*Task*. Please write out, exactly as given, every line of the entries below up to and including the line with "Thumbnail 2 in".

*Entries shown*.
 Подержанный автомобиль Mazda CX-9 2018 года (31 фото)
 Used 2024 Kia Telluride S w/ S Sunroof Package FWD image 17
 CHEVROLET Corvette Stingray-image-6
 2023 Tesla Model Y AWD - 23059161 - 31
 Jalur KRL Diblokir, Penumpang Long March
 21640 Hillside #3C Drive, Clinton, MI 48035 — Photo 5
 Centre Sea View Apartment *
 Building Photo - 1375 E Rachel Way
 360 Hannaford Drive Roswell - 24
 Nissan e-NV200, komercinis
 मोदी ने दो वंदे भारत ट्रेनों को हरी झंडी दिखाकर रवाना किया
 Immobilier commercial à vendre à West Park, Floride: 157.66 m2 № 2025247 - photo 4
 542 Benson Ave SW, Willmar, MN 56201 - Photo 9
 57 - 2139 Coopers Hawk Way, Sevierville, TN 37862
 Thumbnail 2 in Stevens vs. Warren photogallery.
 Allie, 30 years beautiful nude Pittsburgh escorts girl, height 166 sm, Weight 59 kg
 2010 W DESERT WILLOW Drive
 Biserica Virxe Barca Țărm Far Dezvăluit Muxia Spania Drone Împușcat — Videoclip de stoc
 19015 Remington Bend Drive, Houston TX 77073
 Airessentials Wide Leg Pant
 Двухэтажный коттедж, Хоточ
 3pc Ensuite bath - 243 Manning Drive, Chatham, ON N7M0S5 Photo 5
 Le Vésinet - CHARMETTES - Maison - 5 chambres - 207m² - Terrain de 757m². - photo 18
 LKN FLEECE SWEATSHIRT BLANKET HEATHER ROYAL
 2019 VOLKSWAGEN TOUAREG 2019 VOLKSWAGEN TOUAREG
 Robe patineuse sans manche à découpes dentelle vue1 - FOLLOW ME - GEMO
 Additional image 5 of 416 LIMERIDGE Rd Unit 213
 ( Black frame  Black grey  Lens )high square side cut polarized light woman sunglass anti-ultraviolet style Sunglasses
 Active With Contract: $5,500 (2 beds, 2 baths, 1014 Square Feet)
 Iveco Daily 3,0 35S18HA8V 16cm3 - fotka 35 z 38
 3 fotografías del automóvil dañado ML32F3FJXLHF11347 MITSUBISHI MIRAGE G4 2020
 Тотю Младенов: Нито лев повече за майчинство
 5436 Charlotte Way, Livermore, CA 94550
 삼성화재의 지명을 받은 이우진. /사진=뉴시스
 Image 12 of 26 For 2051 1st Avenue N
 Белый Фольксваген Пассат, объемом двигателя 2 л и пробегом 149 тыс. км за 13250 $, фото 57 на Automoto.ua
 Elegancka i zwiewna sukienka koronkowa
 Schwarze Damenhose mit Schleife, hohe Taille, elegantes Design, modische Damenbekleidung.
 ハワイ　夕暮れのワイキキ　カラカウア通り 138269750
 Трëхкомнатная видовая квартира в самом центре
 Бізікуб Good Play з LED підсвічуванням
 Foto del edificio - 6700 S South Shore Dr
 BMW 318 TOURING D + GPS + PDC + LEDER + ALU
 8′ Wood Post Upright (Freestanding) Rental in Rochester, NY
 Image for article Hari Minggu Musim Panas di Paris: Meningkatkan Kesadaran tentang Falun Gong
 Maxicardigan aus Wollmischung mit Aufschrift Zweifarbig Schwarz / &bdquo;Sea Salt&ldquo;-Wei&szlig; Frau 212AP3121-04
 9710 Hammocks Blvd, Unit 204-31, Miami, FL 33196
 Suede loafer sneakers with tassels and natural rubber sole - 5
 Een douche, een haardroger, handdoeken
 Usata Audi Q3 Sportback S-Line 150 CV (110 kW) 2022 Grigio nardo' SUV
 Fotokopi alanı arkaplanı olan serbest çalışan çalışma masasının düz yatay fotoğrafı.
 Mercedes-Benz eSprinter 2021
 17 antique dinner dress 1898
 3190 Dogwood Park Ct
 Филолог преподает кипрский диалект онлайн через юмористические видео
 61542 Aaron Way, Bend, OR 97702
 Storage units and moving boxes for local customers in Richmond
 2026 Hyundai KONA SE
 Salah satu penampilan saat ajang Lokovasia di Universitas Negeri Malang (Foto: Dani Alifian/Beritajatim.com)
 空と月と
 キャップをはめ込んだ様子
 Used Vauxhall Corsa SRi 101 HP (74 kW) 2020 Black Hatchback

*Expected answer*.
 Подержанный автомобиль Mazda CX-9 2018 года (31 фото)
 Used 2024 Kia Telluride S w/ S Sunroof Package FWD image 17
 CHEVROLET Corvette Stingray-image-6
 2023 Tesla Model Y AWD - 23059161 - 31
 Jalur KRL Diblokir, Penumpang Long March
 21640 Hillside #3C Drive, Clinton, MI 48035 — Photo 5
 Centre Sea View Apartment *
 Building Photo - 1375 E Rachel Way
 360 Hannaford Drive Roswell - 24
 Nissan e-NV200, komercinis
 मोदी ने दो वंदे भारत ट्रेनों को हरी झंडी दिखाकर रवाना किया
 Immobilier commercial à vendre à West Park, Floride: 157.66 m2 № 2025247 - photo 4
 542 Benson Ave SW, Willmar, MN 56201 - Photo 9
 57 - 2139 Coopers Hawk Way, Sevierville, TN 37862
 Thumbnail 2 in Stevens vs. Warren photogallery.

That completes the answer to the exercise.